Diese ach so »starken« Männer, diese Autokraten leben fortwährend in Angst vor dem Machtverlust und davor, zur Rechenschaft gezogen zu werden. Ein Leben in Angst kann zu schweren Verblendungen, Fehlinterpretationen, Wahrnehmungsverzerrungen der Wirklichkeit führen. Ein Gefühl der Bedrohung kann zu einer »Vorne-Verteidigung« führen, der Autokrat will den Schäden und Gefahren trotzen, die nur in der eigenen Vorstellung existieren. Dieser Wahn weckt Aggressionen. Wer mit Autokratien Geschäfte macht, mildert nicht zwingend diesen Wahn – er kann diesen Wahn sogar noch befördern. Und damit nährt er den Boden dafür, dass demokratische Werte und auch das Geschäftemachen ad absurdum geführt werden.
Weitere Einwände können gegen meinen Vorschlag zum Handel nach Wandel erhoben werden, keine Frage. Beispiele:
Unsere Abhängigkeit von Energie und Rohstoffen ist zu groß, wir müssen deshalb Geschäfte mit Autokraten machen.
Antwort: Die demokratischen Länder gehören zu den findigsten Problemlösern, sie sollten diese Herausforderung, sich unabhängig zu machen, lieber annehmen, so lange sie es noch können. Ja, dafür wird womöglich ein Preis zu zahlen sein, z. B. wird das Wachstum geringer ausfallen. Wenn wir als Teil unseres Wohlstandes die Treue zu unseren Werten ansehen wollen, werden wir diesen Preis hinzunehmen wissen.
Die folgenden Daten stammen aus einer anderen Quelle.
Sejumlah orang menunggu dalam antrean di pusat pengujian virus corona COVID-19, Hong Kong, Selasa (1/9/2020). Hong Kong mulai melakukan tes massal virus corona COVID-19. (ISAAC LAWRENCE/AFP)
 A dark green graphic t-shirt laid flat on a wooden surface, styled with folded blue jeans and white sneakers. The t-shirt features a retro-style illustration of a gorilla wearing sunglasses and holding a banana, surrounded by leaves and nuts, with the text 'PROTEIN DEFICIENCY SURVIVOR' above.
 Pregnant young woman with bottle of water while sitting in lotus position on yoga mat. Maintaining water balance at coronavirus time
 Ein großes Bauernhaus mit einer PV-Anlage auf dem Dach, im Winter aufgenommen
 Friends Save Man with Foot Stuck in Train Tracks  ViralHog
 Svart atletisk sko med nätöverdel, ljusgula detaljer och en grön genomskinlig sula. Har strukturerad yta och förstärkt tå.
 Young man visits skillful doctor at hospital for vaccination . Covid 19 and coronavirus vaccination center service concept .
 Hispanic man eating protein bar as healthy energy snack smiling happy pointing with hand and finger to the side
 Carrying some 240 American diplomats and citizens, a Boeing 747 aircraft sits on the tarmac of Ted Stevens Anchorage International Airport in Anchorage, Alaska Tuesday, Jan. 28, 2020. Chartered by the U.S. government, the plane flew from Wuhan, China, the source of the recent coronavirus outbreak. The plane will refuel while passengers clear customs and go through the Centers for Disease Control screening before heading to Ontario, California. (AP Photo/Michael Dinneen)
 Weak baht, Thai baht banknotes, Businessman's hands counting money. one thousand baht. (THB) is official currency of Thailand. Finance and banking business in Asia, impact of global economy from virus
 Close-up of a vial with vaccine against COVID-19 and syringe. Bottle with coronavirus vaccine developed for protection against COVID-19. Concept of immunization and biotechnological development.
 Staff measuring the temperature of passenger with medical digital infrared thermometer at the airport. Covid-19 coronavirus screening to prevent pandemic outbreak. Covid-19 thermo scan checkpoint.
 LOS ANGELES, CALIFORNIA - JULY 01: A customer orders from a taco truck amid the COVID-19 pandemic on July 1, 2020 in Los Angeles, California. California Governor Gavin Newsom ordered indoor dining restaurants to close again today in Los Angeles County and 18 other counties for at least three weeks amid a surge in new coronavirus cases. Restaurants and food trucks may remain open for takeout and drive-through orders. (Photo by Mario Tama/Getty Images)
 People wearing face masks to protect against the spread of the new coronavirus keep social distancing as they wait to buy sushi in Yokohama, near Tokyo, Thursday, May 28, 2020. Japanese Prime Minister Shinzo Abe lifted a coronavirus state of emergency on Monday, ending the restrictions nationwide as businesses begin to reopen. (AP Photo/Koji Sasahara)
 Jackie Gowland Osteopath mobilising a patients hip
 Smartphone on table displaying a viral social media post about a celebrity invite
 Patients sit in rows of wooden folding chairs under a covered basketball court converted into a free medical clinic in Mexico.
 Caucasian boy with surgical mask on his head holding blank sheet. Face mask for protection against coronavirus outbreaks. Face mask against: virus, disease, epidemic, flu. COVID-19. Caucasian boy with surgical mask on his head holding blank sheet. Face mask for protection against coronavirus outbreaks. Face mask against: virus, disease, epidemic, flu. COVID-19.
Es lässt sich doch gar nicht so einfach definieren, ob ein Land demokratisch ist.
Antwort: Doch – in Demokratien können die Bürger die Herrschenden ohne Blutvergießen loswerden. Und in Demokratien werden das Völkerrecht und die Menschenrechte hochgehalten, und in ihnen werden Oppositionelle nicht unterdrückt, verhaftet, gefoltert oder getötet.
Den Vorschlag braucht man erst gar nicht in Erwägung zu ziehen, er ist ja nur eine Utopie und bar jeder Möglichkeit, Wirklichkeit zu werden.
Die Demokratie war lange eine Utopie und wurde doch verwirklicht. Dass sie heute in Frage gestellt und angegriffen wird, sollte uns Anlass genug sein, sie zu schützen. Wenn man den demokratischen Werte- und Wirtschaftsverbund nicht haben mag – geschenkt. Aber hielten sich die demokratischen Staaten und auch ihre Wirtschaft an das Prinzip »Handel nach Wandel«, würden sie also ausschließlich mit demokratischen Rechtsstaaten Geschäfte machen, dann könnte das mittel- und langfristig die Attraktivität demokratischer und rechtsstaatlicher Werte in vielen Staaten erhöhen – sie müssten nur eigennützig denken, eigennützig im Sinne von: Wir wollen nach unseren Werten leben, und diese Werte stehen über rein ökonomischen Erwägungen …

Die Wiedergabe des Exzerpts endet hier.